(Exercise data)

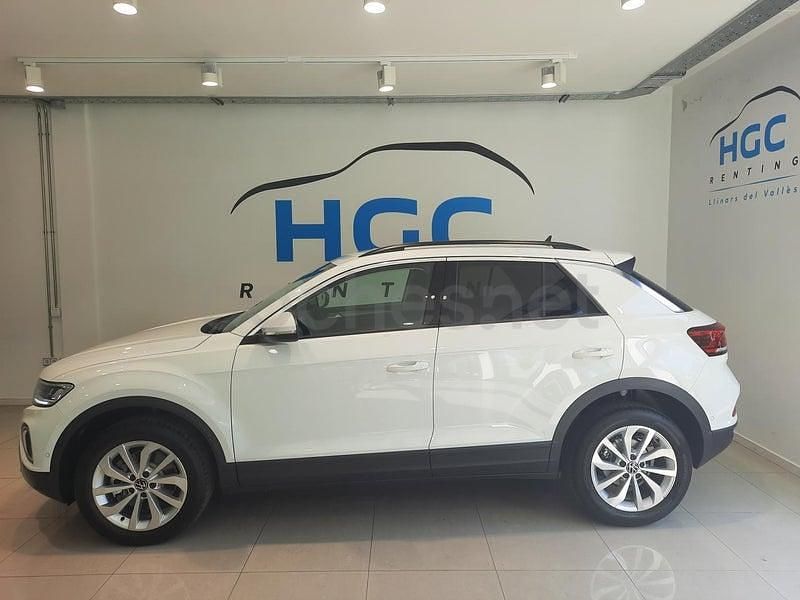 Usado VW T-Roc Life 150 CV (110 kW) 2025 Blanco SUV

(End Exercise data)
(Exercise data)

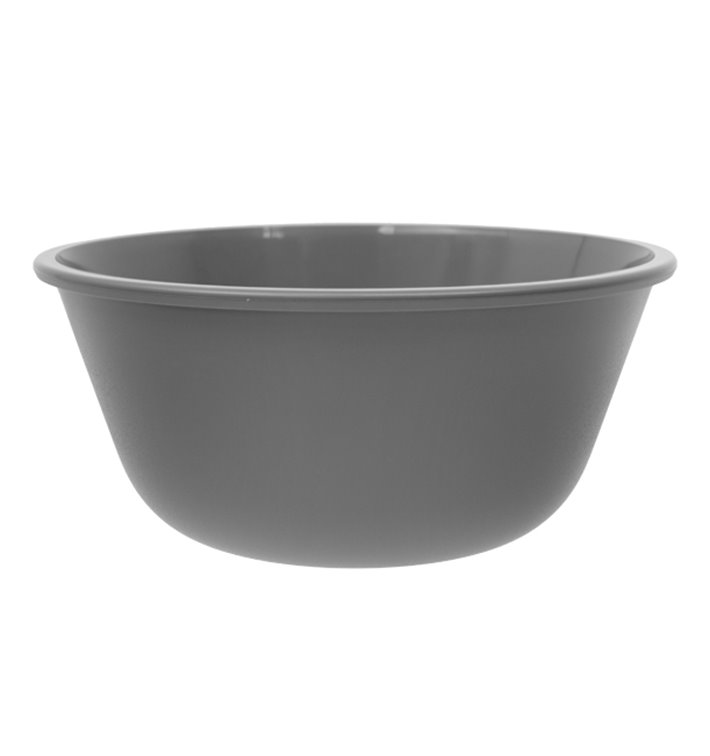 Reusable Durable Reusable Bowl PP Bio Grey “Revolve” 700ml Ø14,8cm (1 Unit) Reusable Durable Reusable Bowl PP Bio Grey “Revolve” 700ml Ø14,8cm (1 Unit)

(End Exercise data)
(Exercise data)

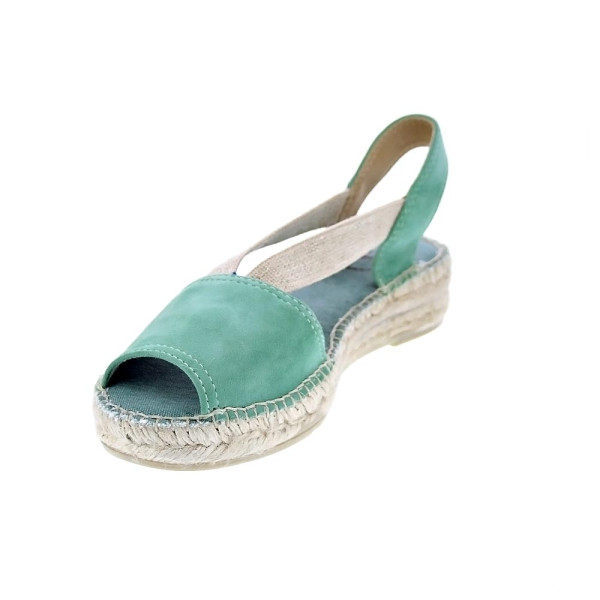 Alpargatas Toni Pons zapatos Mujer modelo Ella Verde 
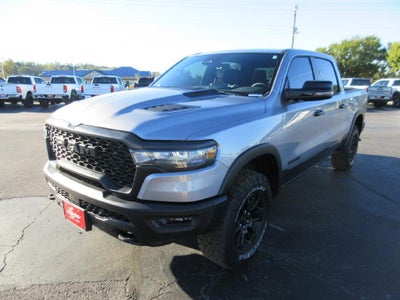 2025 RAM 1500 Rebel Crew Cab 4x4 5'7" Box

(End Exercise data)

→ **What is expected**: Would you copy the lines above exactly, starting with the one that has "Alpargatas Toni Pons" and ending with the one that has "2025 RAM 1500", both included, without the pictures?

→ **Solution for this task**:
 Alpargatas Toni Pons zapatos Mujer modelo Ella Verde 
 2025 RAM 1500 Rebel Crew Cab 4x4 5'7" Box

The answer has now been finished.